[Data provided]

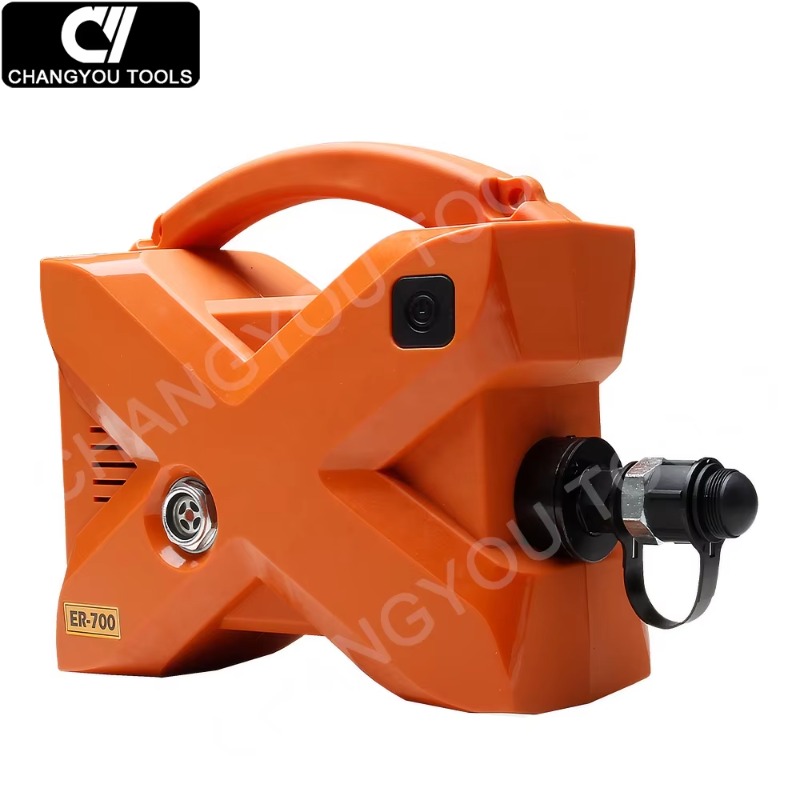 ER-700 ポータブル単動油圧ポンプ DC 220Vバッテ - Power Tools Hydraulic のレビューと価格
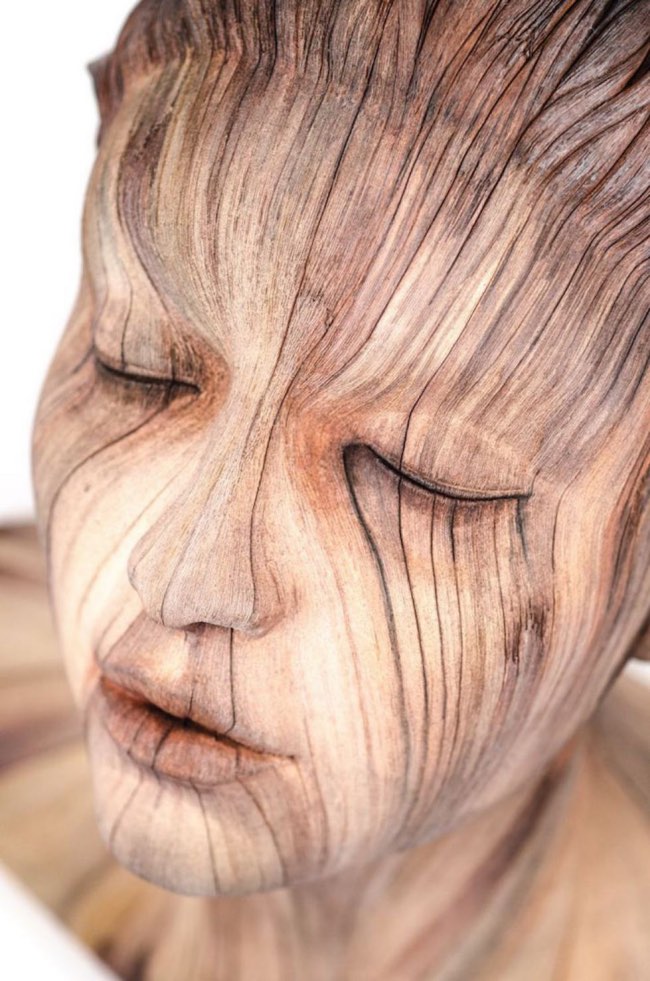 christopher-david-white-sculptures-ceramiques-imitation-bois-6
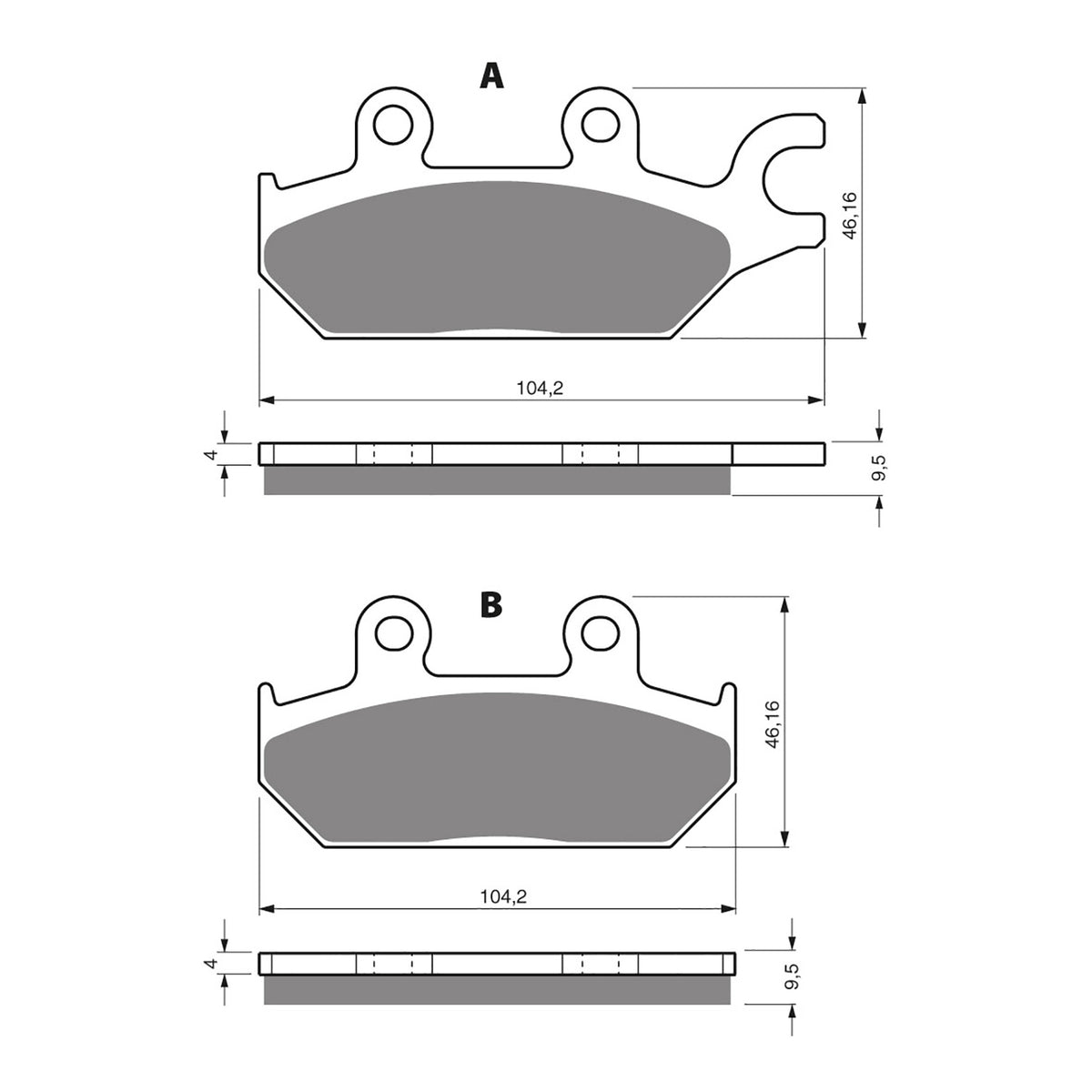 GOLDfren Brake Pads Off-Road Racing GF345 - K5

[Aim of the exercise] Each line of the data above should be reproduced without alteration, and no picture should appear in the copy.

[Expected answer]
 ER-700 ポータブル単動油圧ポンプ DC 220Vバッテ - Power Tools Hydraulic のレビューと価格
 christopher-david-white-sculptures-ceramiques-imitation-bois-6
 GOLDfren Brake Pads Off-Road Racing GF345 - K5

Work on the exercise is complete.